= What to work on =
Reproduce the records below in full and word for word, excluding pictures.

[Scraped caption text data]

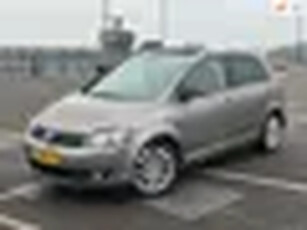 Volkswagen GOLF PLUS 1.4 TSI DSG Highline PANOSTOELVERWARMINGCRUISE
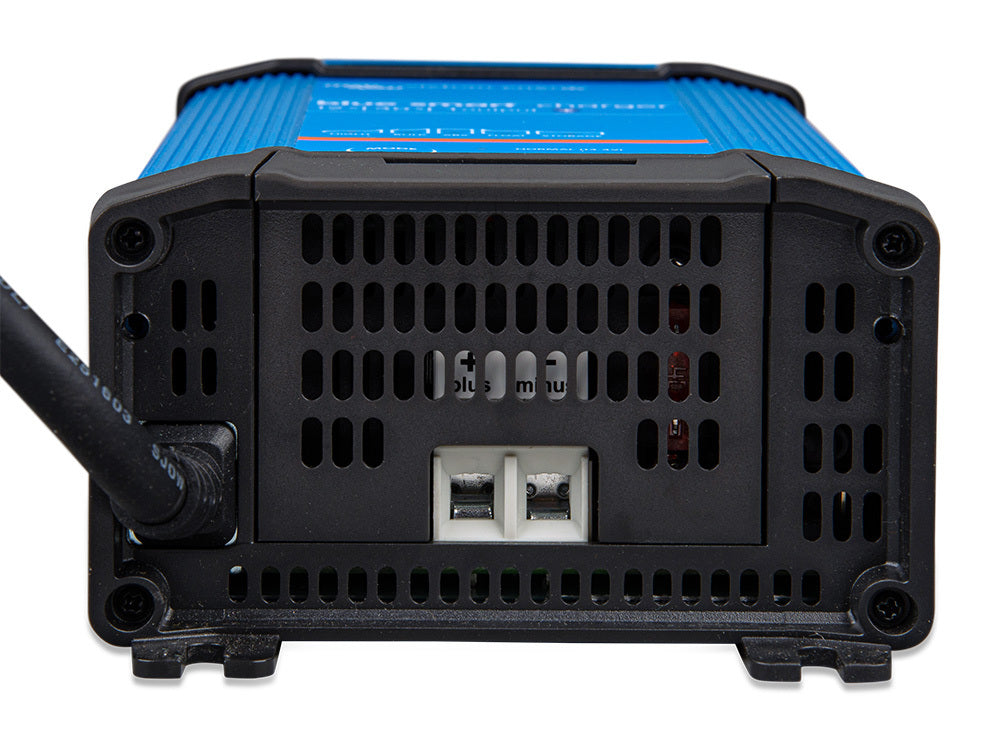 Victron Blue Smart IP22 12/30(1) product view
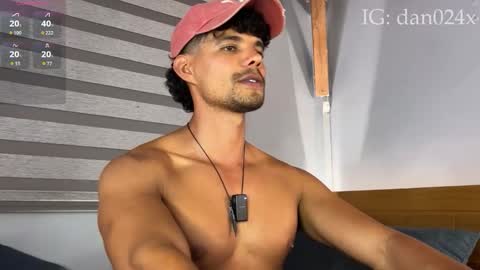 Daniel  online show from October 20, 12:36 am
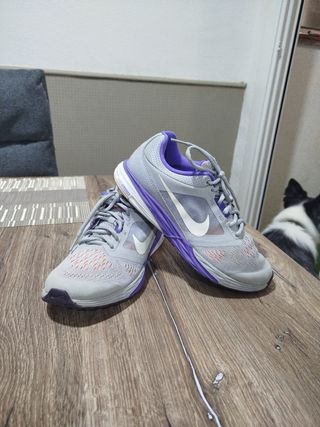 Zapatillas Nike Mujer Gris y Morado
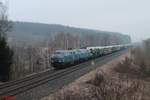 225 006 und 225 002 der EGP ziehen einen VW-Autozug von Mosel nach München kurz vor der Einfahrt in Marktredwitz (Oberfranken).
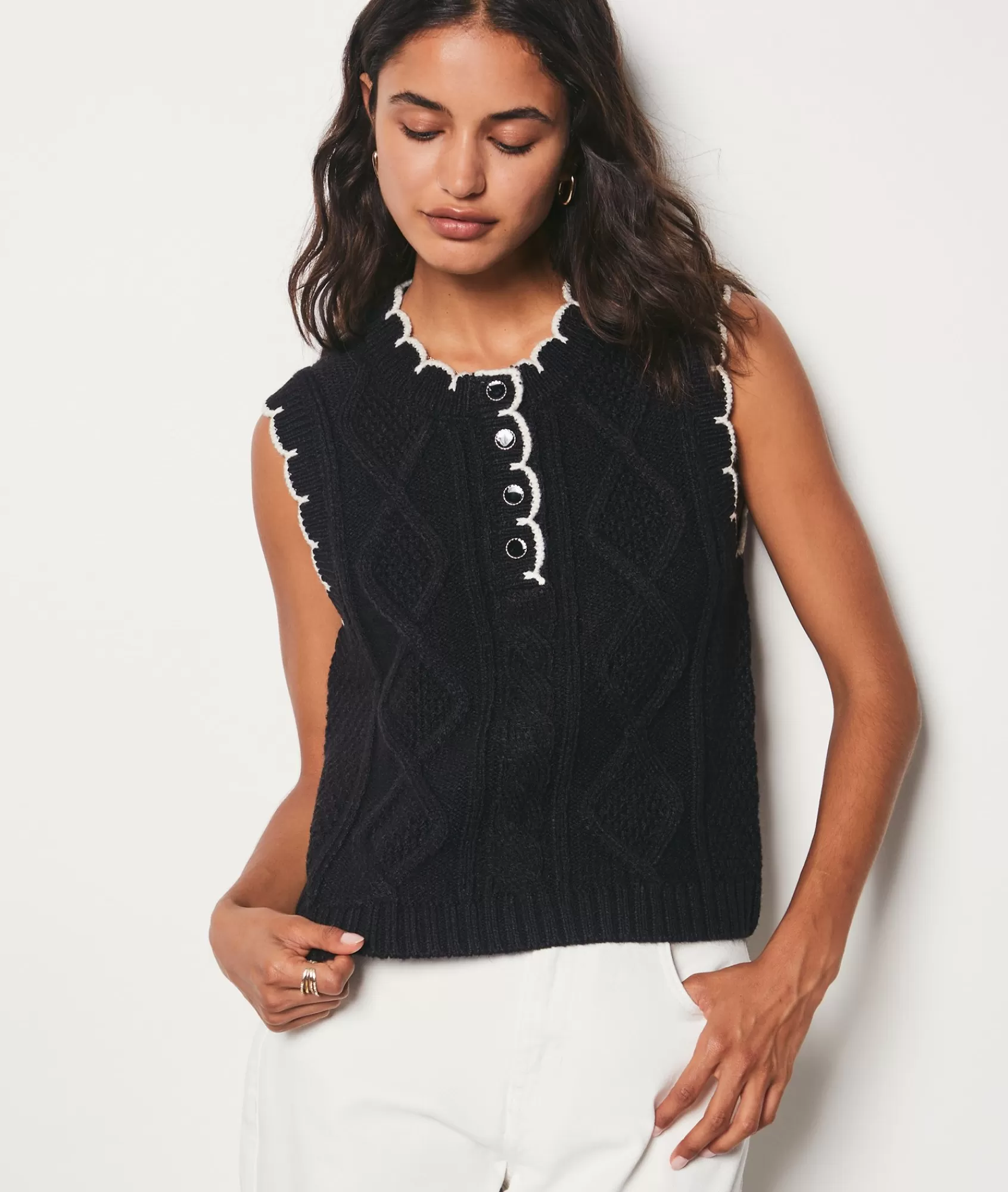 Etam Sleeveless | Crewnecks>Sleeveless Buttoned Sweater
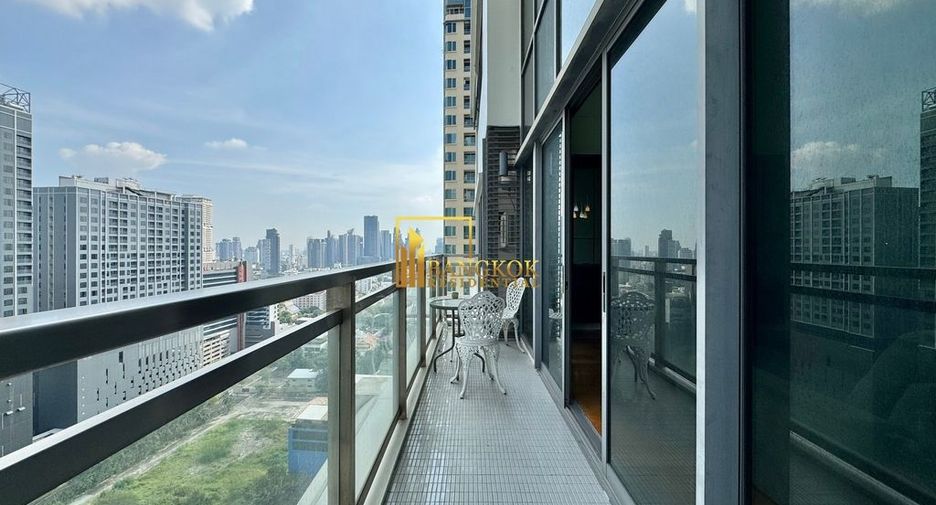 Condo en alquiler y en venta de 3 habitaciones en Khlong Toei, Bangkok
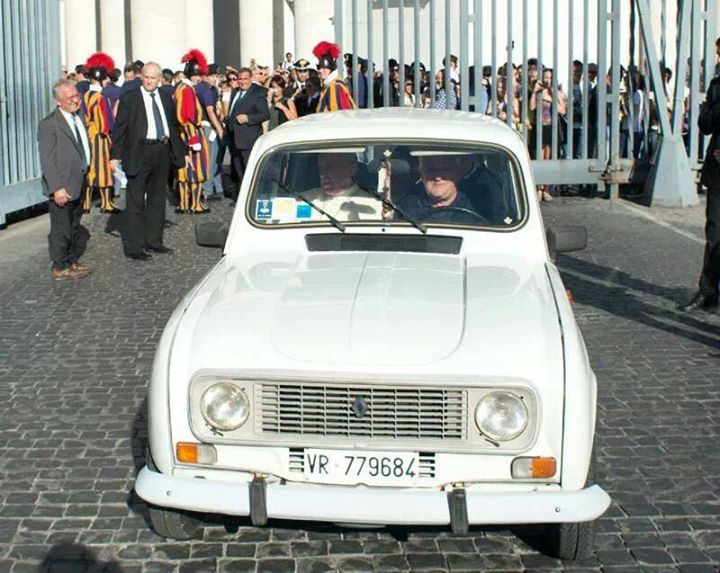 De Renault van Bergoglio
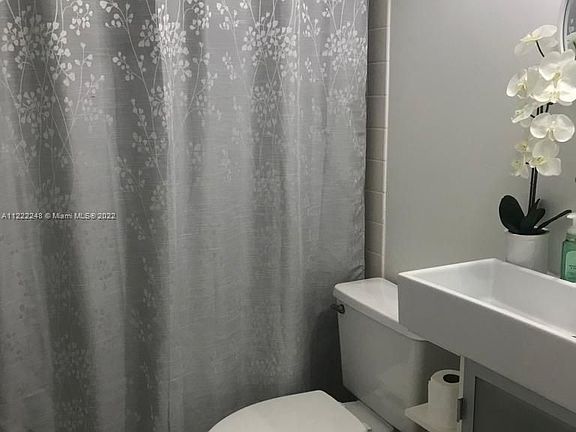 2nd image of 770 Claughton Island Dr APT 1404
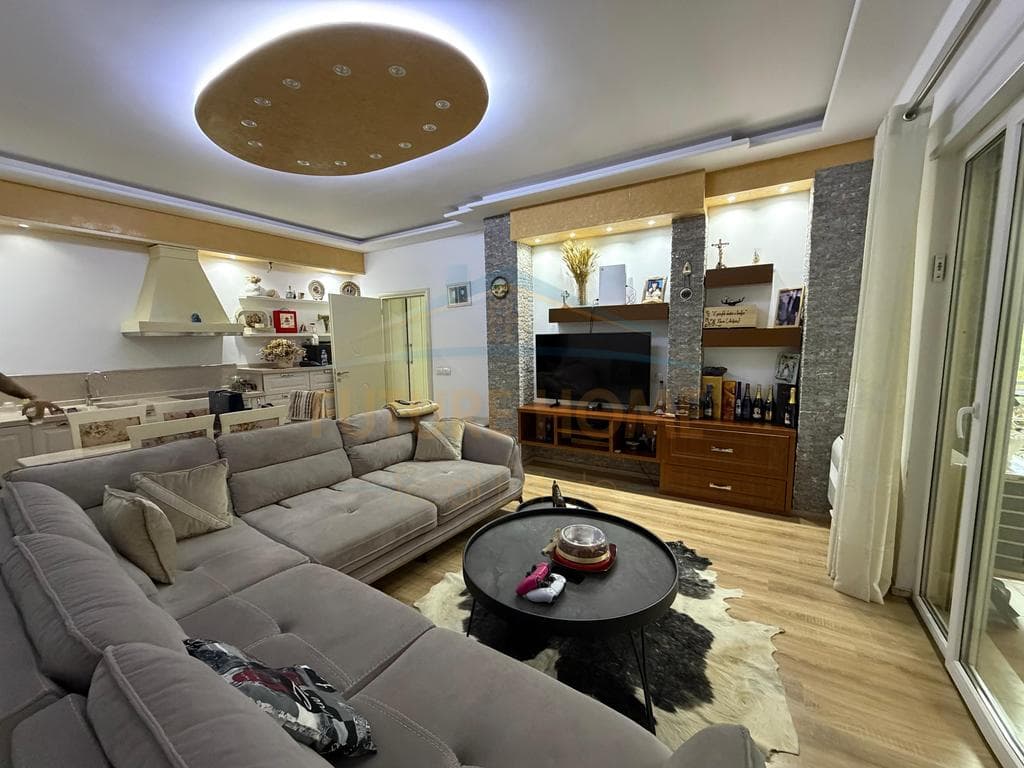 Shitet, Apartament 2+1+2 , Liqeni i Thatë, Tiranë.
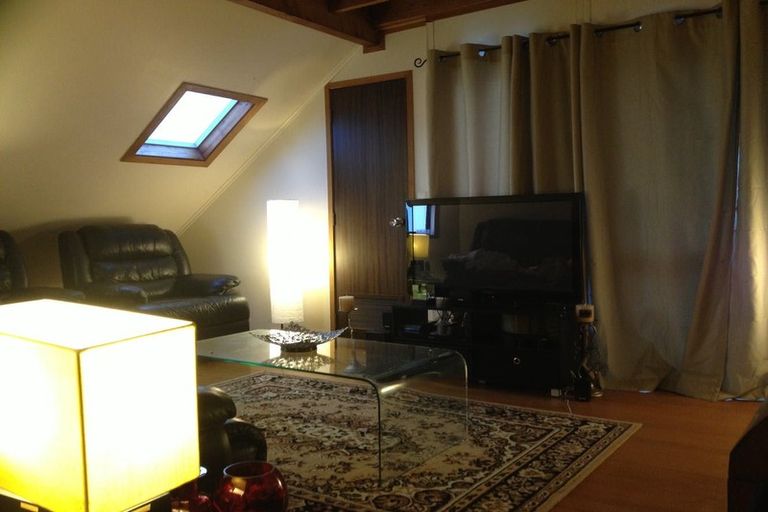 Photo of property in 1/50 Onewa Road, Northcote Point, Auckland, 0627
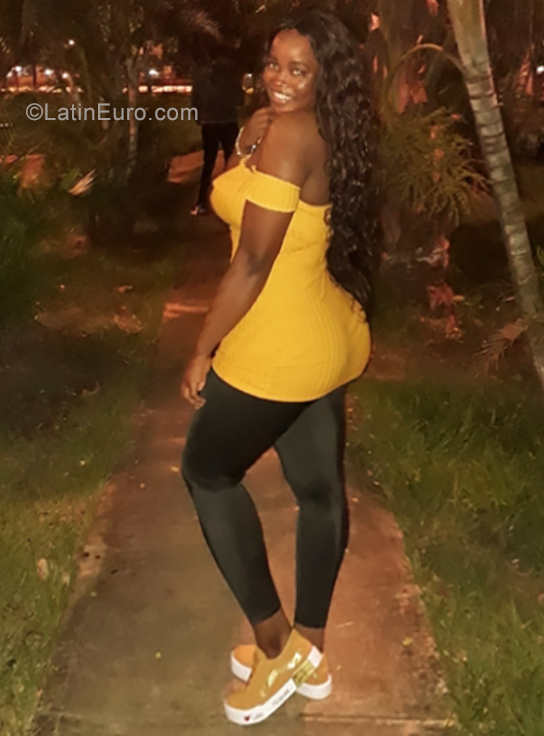 Date this hot Colombia girl Johanna Patricia from Cali CO26971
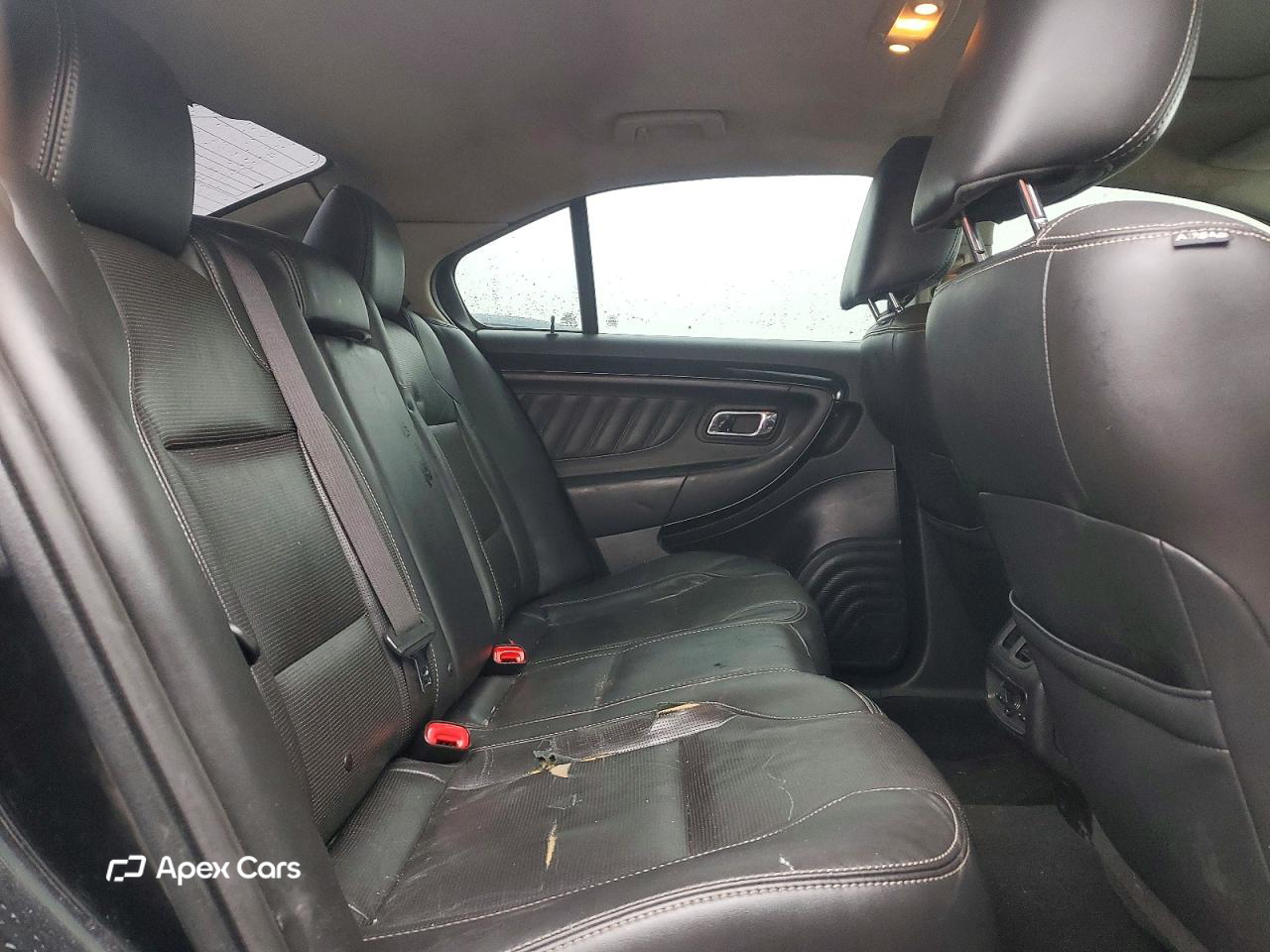 Ford Taurus 2011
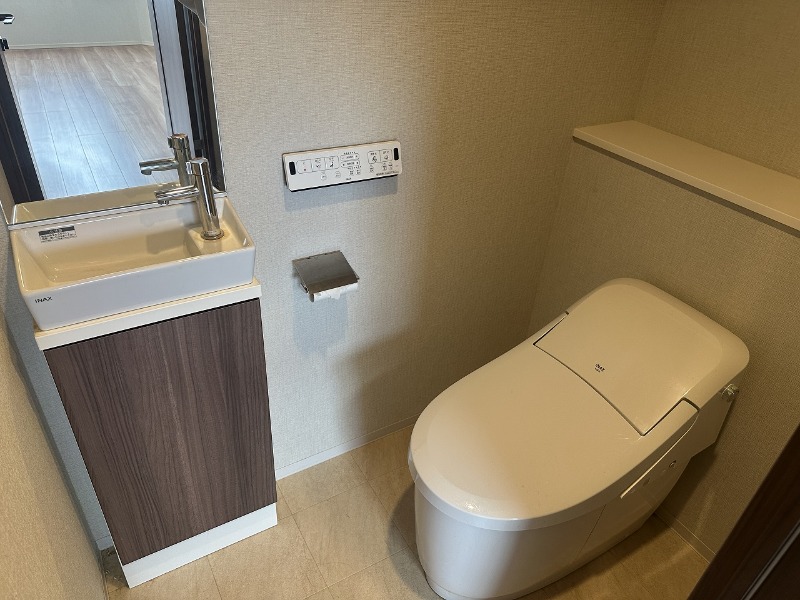 プレミスト三鷹のトイレ写真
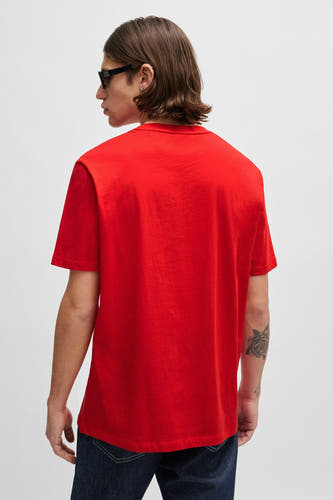 T-shirt rouge HUGO, vu de derrière, avec des manches courtes et un design simple.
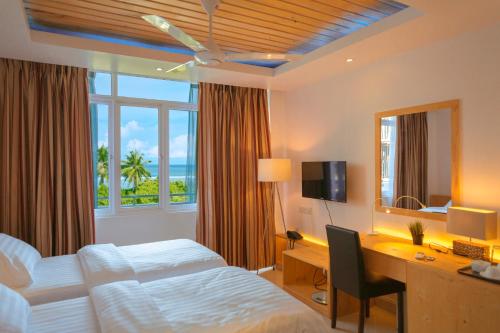 Un pat sau paturi într-o cameră la PINE LODGE MALDIVES
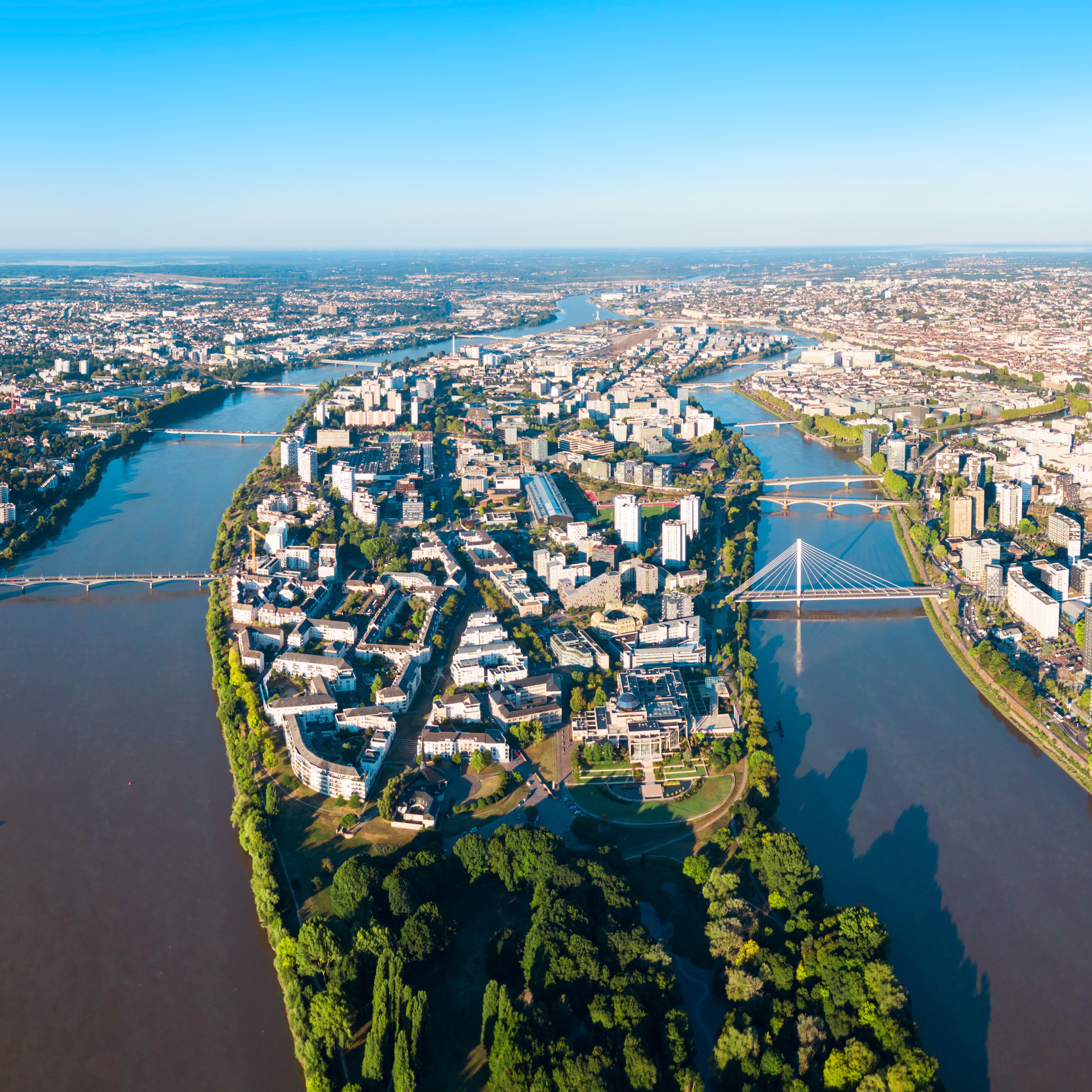 Rejoins-nous à Nantes thumbnail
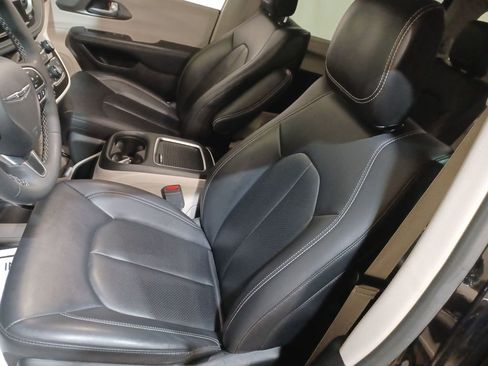Used 2024 Chrysler Pacifica Select image 13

= Solution =
 Volkswagen GOLF PLUS 1.4 TSI DSG Highline PANOSTOELVERWARMINGCRUISE
 Victron Blue Smart IP22 12/30(1) product view
 Daniel  online show from October 20, 12:36 am
 Zapatillas Nike Mujer Gris y Morado
 225 006 und 225 002 der EGP ziehen einen VW-Autozug von Mosel nach München kurz vor der Einfahrt in Marktredwitz (Oberfranken).
 Etam Sleeveless | Crewnecks>Sleeveless Buttoned Sweater
 Condo en alquiler y en venta de 3 habitaciones en Khlong Toei, Bangkok
 De Renault van Bergoglio
 2nd image of 770 Claughton Island Dr APT 1404
 Shitet, Apartament 2+1+2 , Liqeni i Thatë, Tiranë.
 Photo of property in 1/50 Onewa Road, Northcote Point, Auckland, 0627
 Date this hot Colombia girl Johanna Patricia from Cali CO26971
 Ford Taurus 2011
 プレミスト三鷹のトイレ写真
 T-shirt rouge HUGO, vu de derrière, avec des manches courtes et un design simple.
 Un pat sau paturi într-o cameră la PINE LODGE MALDIVES
 Rejoins-nous à Nantes thumbnail
Used 2024 Chrysler Pacifica Select image 13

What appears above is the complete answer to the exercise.